Intervention de Ivan Renar

Réunion du 1er décembre 2005 à 10h30
Loi de finances pour 2006 — Recherche et enseignement supérieur

Photo de Ivan RenarIvan Renar :

Monsieur le président, monsieur le ministre, chers collègues, je commencerai par citer quelques propos entendus au cours de l'été : « nous allons faire un effort inédit pour notre recherche fondamentale » ; « l'importance de la recherche fondamentale pour la nation sera réaffirmée, parce que l'avancement de la connaissance est un objectif en soi légitime, mais aussi parce qu'elle permet l'éclosion des applications de demain ».

Ces déclarations, que je pourrais faire miennes, sont extraites d'un discours du Président de la République en date du 30 août dernier. Force est de constater combien le décalage est important entre les propos du Chef de l'État et la réalité budgétaire.

Le projet de budget de la mission « Recherche et enseignement supérieur » pour 2006 apparaît en effet comme un simple rattrapage, qui fait suite aux coupes sévères opérées depuis 2002, aux gels et aux annulations de crédits décidés ces dernières années.

Certes, les crédits de la MIRES connaissent une très légère augmentation, à hauteur de 2, 2 %. Il faut y voir le résultat de la mobilisation exceptionnelle de la communauté scientifique, qui a permis de sensibiliser l'opinion publique aux enjeux de la recherche. Loin de n'être que la manifestation de démarches revendicatives simplement corporatistes, le mouvement des chercheurs et enseignants-chercheurs a donné naissance aux états généraux de la recherche. La communauté scientifique a ainsi engagé une profonde réflexion sur le système national de recherche et d'enseignement supérieur, débouchant sur des propositions jetant les bases d'une vaste réforme à venir.

Cependant, le Gouvernement n'a pas choisi de suivre les recommandations des chercheurs. En témoigne le projet de loi de programme pour la recherche, à maintes reprises retardé. Nous y reviendrons dans deux semaines, lors de l'examen de ce texte.

Le projet de budget de la MIRES pour 2006 montre également que la communauté scientifique n'a pas été entendue. Alors que l'État devait consentir un effort considérable, les moyens affectés à la recherche et à l'enseignement supérieur demeurent bien insuffisants.

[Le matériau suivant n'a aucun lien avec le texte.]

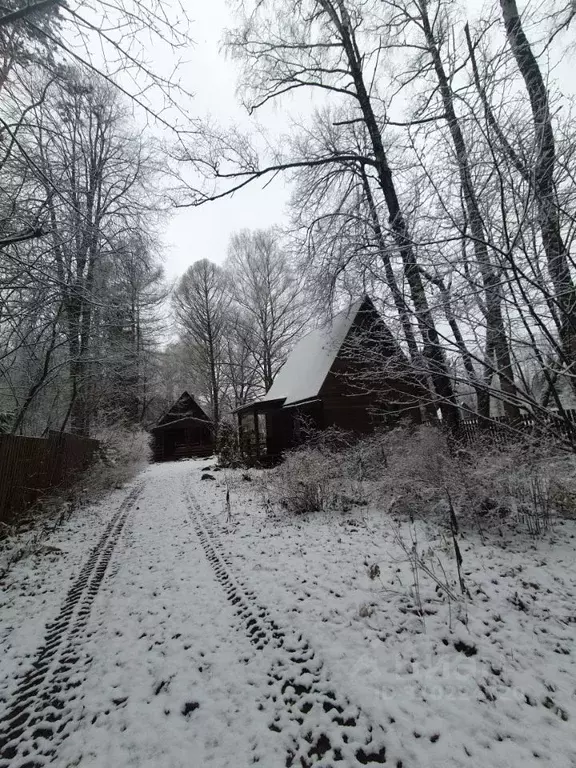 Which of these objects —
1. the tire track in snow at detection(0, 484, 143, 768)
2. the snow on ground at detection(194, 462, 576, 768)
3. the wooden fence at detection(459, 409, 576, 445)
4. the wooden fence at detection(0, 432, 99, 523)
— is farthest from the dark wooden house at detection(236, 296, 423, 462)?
the tire track in snow at detection(0, 484, 143, 768)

Dans ces domaines, la France avait pourtant besoin d'un « électrochoc » pour retrouver sa position sur le plan mondial. Nous le savons, le temps joue contre nous. En 2006, l'écart entre la France et des pays tels que la Chine, le Japon, l'Inde, la Corée du Sud, sans parler des États-Unis, continuera à se creuser.

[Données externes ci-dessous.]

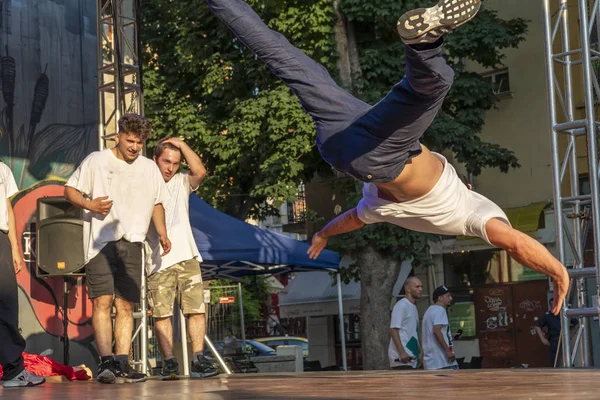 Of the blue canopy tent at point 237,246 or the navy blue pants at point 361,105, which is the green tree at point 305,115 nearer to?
the blue canopy tent at point 237,246

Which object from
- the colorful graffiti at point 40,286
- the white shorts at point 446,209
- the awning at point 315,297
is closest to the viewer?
the white shorts at point 446,209

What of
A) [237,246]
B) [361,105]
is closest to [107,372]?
[361,105]

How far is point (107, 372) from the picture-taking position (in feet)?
21.9

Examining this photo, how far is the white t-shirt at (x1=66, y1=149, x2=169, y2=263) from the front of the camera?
7.02 m

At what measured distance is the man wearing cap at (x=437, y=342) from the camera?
10.1 meters

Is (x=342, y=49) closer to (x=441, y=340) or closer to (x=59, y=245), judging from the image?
(x=441, y=340)

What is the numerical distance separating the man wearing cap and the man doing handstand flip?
4.91m

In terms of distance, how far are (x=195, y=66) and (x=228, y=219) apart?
28.0ft

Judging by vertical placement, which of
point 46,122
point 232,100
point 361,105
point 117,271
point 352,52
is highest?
point 352,52

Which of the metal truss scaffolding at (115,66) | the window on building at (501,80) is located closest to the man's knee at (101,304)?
the metal truss scaffolding at (115,66)

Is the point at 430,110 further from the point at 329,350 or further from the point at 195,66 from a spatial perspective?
the point at 329,350

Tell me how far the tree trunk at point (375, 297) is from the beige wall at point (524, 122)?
5.39 meters

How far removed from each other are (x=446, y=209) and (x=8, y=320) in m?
3.41

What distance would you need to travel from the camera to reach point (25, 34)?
1111 centimetres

Sur la situation de l'emploi scientifique, les critiques sont quasiment unanimes. En effet, chacun s'accorde à dire qu'un plan pluriannuel est nécessaire. Le Gouvernement est cependant resté sourd à cet appel, alors qu'une programmation pluriannuelle aurait constitué un signal particulièrement positif pour les jeunes attirés par la recherche.

On relèvera néanmoins la création de 3 000 postes, à mettre au crédit de la mobilisation des chercheurs, qui ont alerté l'opinion publique sur les manques d'effectifs. Sont notamment créés 1 100 emplois d'enseignant-chercheur, mesure rendue nécessaire par la mise en oeuvre de la réforme « LMD », licence-mastère-doctorat, qui a suscité de nouveaux besoins en matière d'enseignement et de suivi des étudiants.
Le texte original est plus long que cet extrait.